Symptom	Likely cause	Tool
Cluster HTTP surfaces 000000 (no TCP)	k3s API server down AND Cloudflare tunnel broken	`k3s-ssh-restart.yml` → re-doctor
Doctor: `connection refused` on port 6443	k3s process stopped (Pi host UP via Tailscale)	`k3s-ssh-restart.yml` (needs `OMV_SSH_KEY`)
Doctor: `ServiceUnavailable` on port 6443	k3s starting / overloaded — wait 2–5 min	Re-doctor; if persistent → `k3s-ssh-restart.yml`
Doctor: all kubectl = `connection refused` + runner queued forever	Pi host completely down (power/kernel panic)	Physical access or out-of-band reboot
`PrometheusRuleFailures` alert	`kube-apiserver-burnrate.rules` timing out	`prometheus-tune.yml`
`PrometheusKubernetesListWatchFailures` alert	Prometheus can't reach k3s API	Run doctor first; if API down → `k3s-ssh-restart.yml`
Metabase OOMKilled / CrashLoop	JVM heap exceeds 400Mi container limit	`analytics-restore.yml` (patches to 600Mi)
DuckDB API high restarts / OOMKilled	Memory spike from heavy query	`analytics-restore.yml` (restarts DuckDB)
Grafana unreachable (HTTP 503)	Pod crash or OOM (256Mi limit)	`kubectl -n monitoring rollout restart deploy/kube-prom-grafana` (via remediate workflow)
ntfy in Error / CrashLoopBackOff	Exit 1 or OOM (96Mi limit is tight)	`ntfy-restore.yml` (restart + optional limit raise)
Pod `OOMKilled` (exit 137) — any service	Memory limit too low for workload	Patch limit up via strategic-merge patch in a workflow
etcd `Failed compaction` in k3s logs	etcd boltdb growing toward quota (no defrag)	Trigger `etcd-defrag` CronJob manually

Distinguishing `PrometheusRuleFailures` from `PrometheusKubernetesListWatchFailures`

PrometheusRuleFailures = Prometheus is running, talks to the API server, but a specific alerting rule times out (kube-apiserver-burnrate.rules — multi-day rate() over high-cardinality metrics).

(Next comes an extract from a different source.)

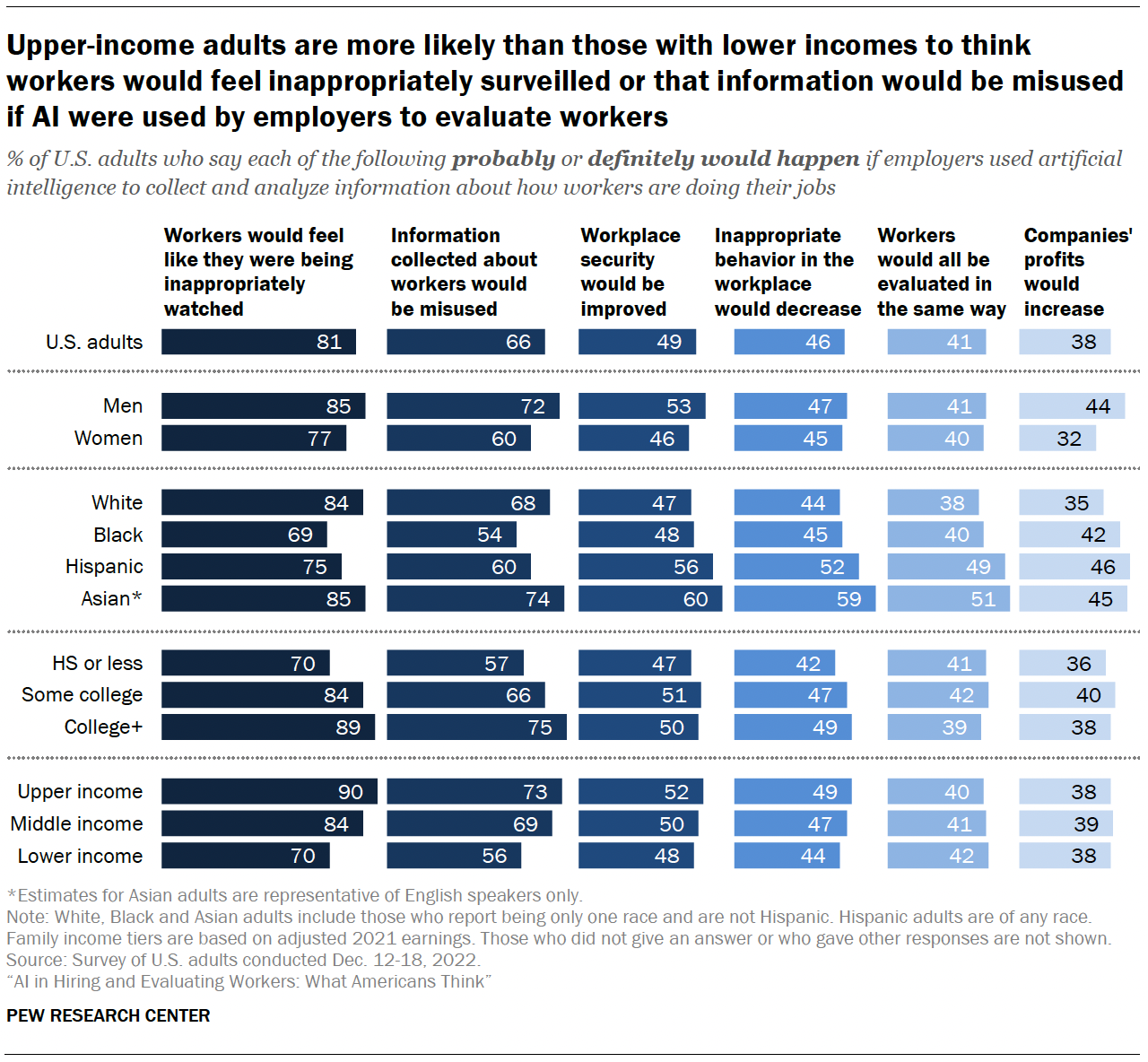 Upper-income adults are more likely than those with lower incomes to think workers would feel inappropriately surveilled or that information would be misused if AI were used by employers to evaluate workers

Fix: prometheus-tune.yml.
PrometheusKubernetesListWatchFailures = Prometheus pod is running but cannot reach the Kubernetes API server at all (k3s process crashed or returning ServiceUnavailable). Fix: restart k3s.

Decoding `connection refused` vs `ServiceUnavailable`

Error	What it means
`dial tcp 100.113.41.119:6443: connect: connection refused`	Pi host reachable (TCP RST), k3s process stopped
`Error from server (ServiceUnavailable)`	k3s listening but overloaded / starting up — may self-recover
`connection timed out` / no response	Pi host unreachable — Tailscale down, power loss

SSH recovery path (requires `OMV_SSH_KEY` repo secret)

Add the secret once:

GitHub → Settings → Secrets → Actions → New repository secret
Name: OMV_SSH_KEY
Value: cat ~/.ssh/id_ed25519 on the Pi (omv@100.113.41.119)

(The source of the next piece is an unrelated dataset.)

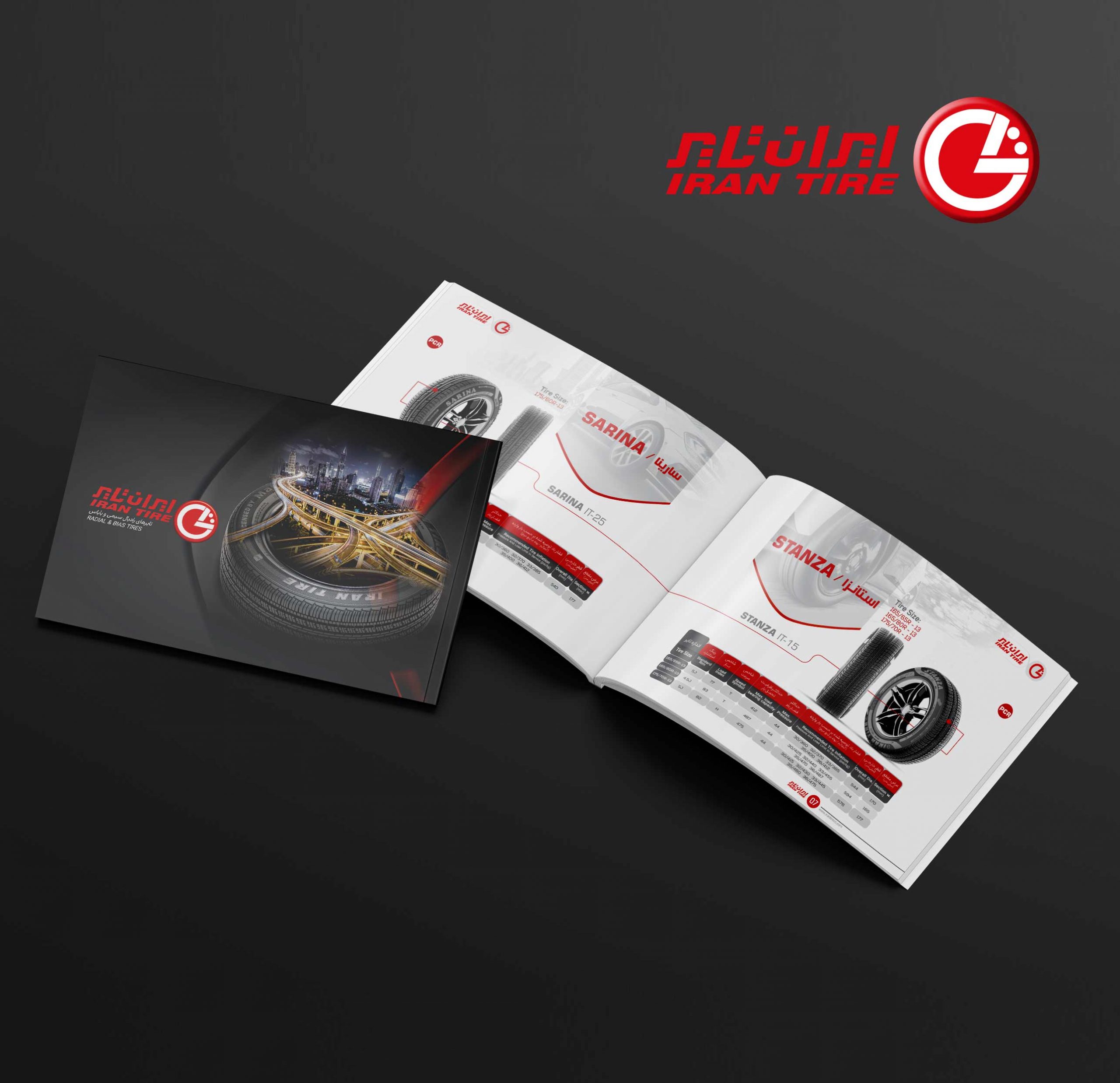 005 3 scaled - طراحی وب سایت ایران بوستر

Trigger: edit .github/workflows/k3s-ssh-restart.yml → PR → squash-merge.

Hard-won lessons

Never cap a JVM container below -Xmx + non-heap working set. Metabase needs 320Mi heap + 128Mi → 450Mi minimum (use 600Mi).
kubectl apply -f <manifest> from CI did not stick while a direct kubectl patch did. Prefer strategic-merge patch for recovery.
PrometheusRuleFailures ≠ PrometheusKubernetesListWatchFailures. See decision table. prometheus:tune does nothing for list-watch failures.
[self-hosted, omv, build] runners survive k3s crashes (systemd service, not k8s pod) but go offline when the Pi itself crashes. If job queues >2 min, the Pi is down.
The watchdog is the durable fix — install it once with k3s-watchdog-deploy.yml (OMV_SSH_KEY required) to prevent future manual k3s restarts.
PrometheusKubernetesListWatchFailures self-resolves once k3s API is back up (Prometheus reconnects automatically).
ntfy at 96Mi is fragile — any spike crashes it. ntfy-restore.yml raises to 128Mi by default.
Metabase at 400Mi can OOMKill on heavy dashboard queries. analytics-restore.yml patches to 600Mi safely.

Reading results

mcp__github__issue_read(method="get_comments", owner="themis128",
  repo="cloudless.gr", issue_number=382, perPage=1, page=<last>)

Comments are chronological; newest snapshot/log is the last page.

Reference

Pi control-plane: omv / 192.168.1.128 / Tailscale 100.113.41.119. kubeconfig: /etc/rancher/k3s/k3s.yaml.
Analytics: ns analytics — metabase (400Mi→600Mi), duckdb-api (1500Mi).
Monitoring: ns monitoring — prometheus (700Mi), grafana (256Mi), loki (400Mi), alertmanager (128Mi).
App services: ntfy (96Mi→128Mi), n8n (256Mi), cloudless (standby).
Incident 2026-06-02: k3s API crash → PrometheusKubernetesListWatchFailures.